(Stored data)
┄┄┄┄┄┄
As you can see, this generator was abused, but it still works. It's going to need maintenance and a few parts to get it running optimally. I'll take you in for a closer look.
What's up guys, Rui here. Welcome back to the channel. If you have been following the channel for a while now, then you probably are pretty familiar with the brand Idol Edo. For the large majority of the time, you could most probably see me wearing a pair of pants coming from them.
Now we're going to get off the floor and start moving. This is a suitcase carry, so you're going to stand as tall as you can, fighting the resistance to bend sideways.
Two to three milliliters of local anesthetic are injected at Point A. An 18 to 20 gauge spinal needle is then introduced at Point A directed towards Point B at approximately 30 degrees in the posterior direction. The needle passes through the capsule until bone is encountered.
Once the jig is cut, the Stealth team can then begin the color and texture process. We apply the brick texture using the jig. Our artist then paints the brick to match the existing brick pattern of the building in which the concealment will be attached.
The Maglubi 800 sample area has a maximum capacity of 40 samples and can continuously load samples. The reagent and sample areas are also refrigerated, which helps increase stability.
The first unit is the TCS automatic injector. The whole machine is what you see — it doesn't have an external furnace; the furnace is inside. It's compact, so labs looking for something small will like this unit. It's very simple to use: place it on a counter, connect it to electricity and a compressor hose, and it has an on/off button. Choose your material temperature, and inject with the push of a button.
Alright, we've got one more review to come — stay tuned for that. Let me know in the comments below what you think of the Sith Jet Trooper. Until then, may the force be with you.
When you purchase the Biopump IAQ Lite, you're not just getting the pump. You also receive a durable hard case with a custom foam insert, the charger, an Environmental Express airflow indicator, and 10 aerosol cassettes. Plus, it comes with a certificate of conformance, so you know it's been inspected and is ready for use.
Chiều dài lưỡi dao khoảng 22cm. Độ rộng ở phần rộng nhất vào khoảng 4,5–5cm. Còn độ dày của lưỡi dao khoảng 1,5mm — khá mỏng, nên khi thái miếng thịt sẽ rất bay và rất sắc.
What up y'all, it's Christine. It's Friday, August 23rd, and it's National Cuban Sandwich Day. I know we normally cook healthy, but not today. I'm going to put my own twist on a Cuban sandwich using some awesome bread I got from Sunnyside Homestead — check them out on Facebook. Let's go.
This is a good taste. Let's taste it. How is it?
┄┄┄┄┄┄
In restating the data, begin at its first line, reproduce each line word for word, and conclude with the line that contains "What's up guys, Rui".

As you can see, this generator was abused, but it still works. It's going to need maintenance and a few parts to get it running optimally. I'll take you in for a closer look.
What's up guys, Rui here. Welcome back to the channel. If you have been following the channel for a while now, then you probably are pretty familiar with the brand Idol Edo. For the large majority of the time, you could most probably see me wearing a pair of pants coming from them.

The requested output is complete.